So, in March 1951, Ike Turner and the Kings of Rhythm -- sax players Raymond Hill, Jackie Brenston, and Eugene Fox, guitarist Willie Kizart, drummer Willie Sims, and Ike's nephew Jessie Knight on bass -- piled into Hill's Buick in Clarksdale, along with all of their equipment, and set off on a rainy Wednesday for Memphis to meet B.B. King's record producer, Mr. Sam Phillips, and maybe even make a record.

"It was rainin' like heck," says Ike. "A tire blew out, and the bass amp fell off the top of the car -- we had all kinds of troubles. We got to Memphis and set up and started playing, and that's where we wrote 'Rocket 88.' The song was Jackie Brenston's idea -- he was always talkin' stupid stuff like that."

"Ike had a pretty good, together band," Sam Phillips remembers. "But I listened to Ike sing in the studio, and I told him in no uncertain terms that I just didn't hear him as a singer. The inflections weren't there, the phrasing, none of it. But he was a whale of a damn musician -- one of the best piano players that I had heard up to that time. So he told me that Jackie could sing, and that's when we cut 'Rocket 88.'...The Rocket 88 Oldsmobile had just come out, and everybody wanted one. I thought, 'Man, what a topical subject.'

"Then I said, 'Ike, now I want some damn piano.' And he got up there: dooda-dooda-doo-doot -- this was before Jerry Lee Lewis, man. And I heard them damn saxophones, and I said, 'Damn, that's good.' It may not win any high-fidelity awards, but I'll tell you, 'Rocket 88' is a hell of a record."
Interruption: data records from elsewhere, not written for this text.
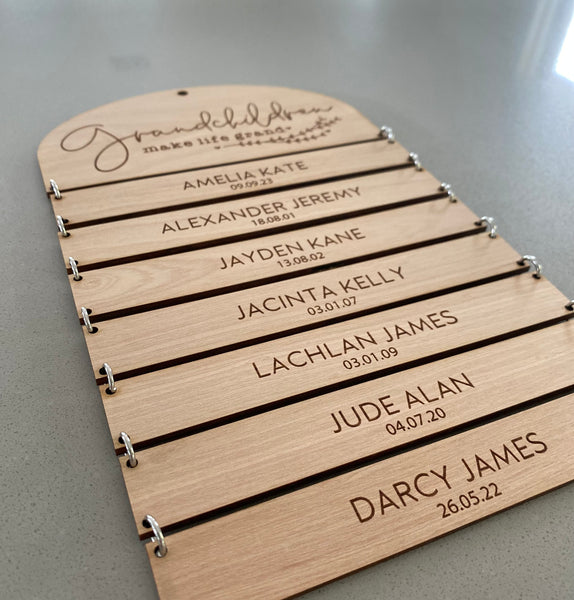 Granchildren Make Life Grand Personalised Wooden Plaque, Gift from Grandchildren, Mothers Day, Mothers Day Gift, Grandma Gift, Nana Gift Mum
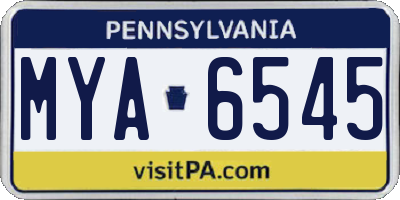 PA license plate MYA6545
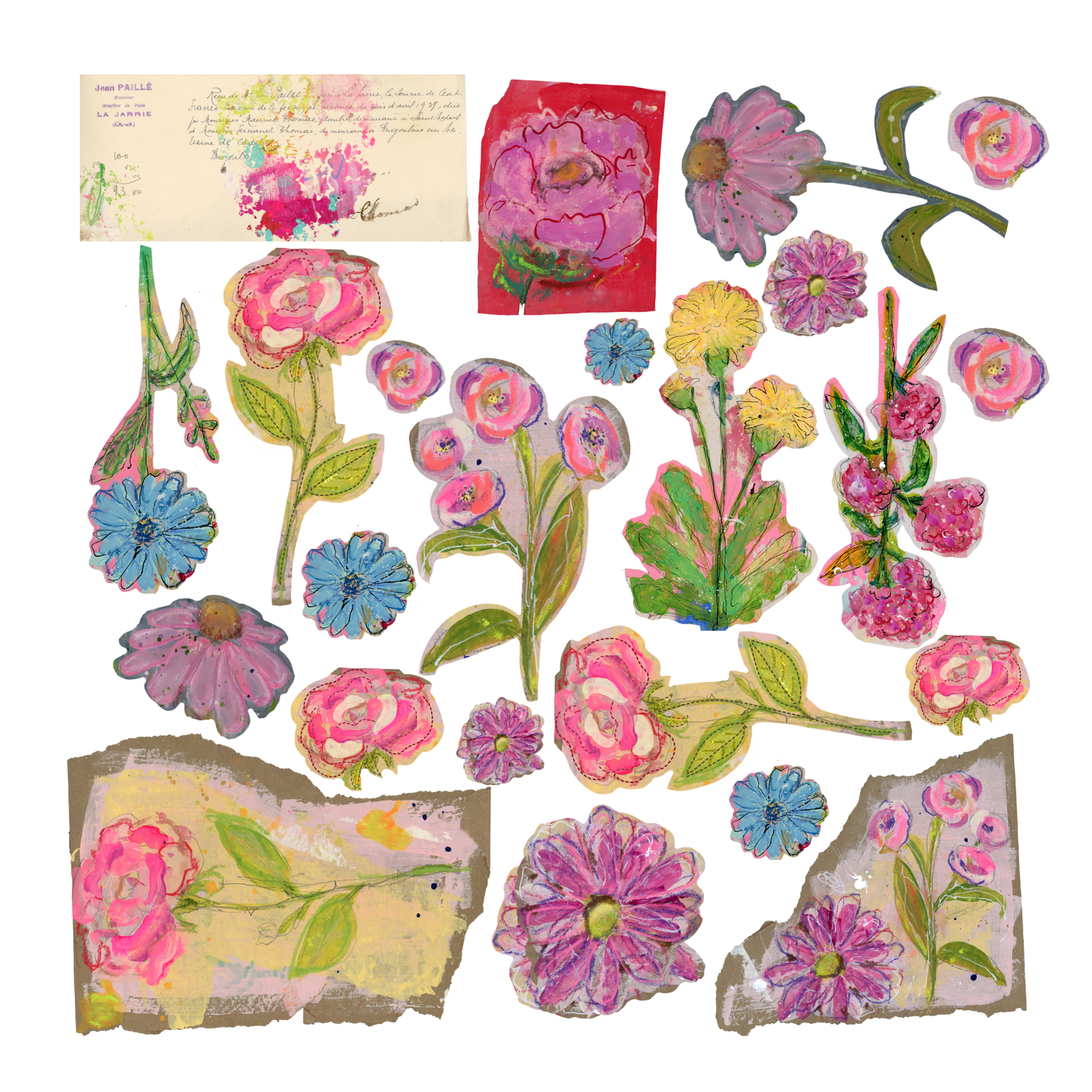 Flower Shop Collage Elements Book – Floral Ephemera for Paper Crafts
Released on the Chess label, "Rocket 88"...rose to number one on the R & B charts in June 1951. Unfortunately, to Ike's dismay, the record was credited not to the Kings of Rhythm, but to the nonexistent entity of "Jackie Brenston with the Delta Cats." Worse yet, while Phillips estimated that the single ultimately sold half a milion copies (at a time when anything over 50,000 constituted a hit for Chess), Ike and most of his band cleared a grand total of $20 apiece from the record's success.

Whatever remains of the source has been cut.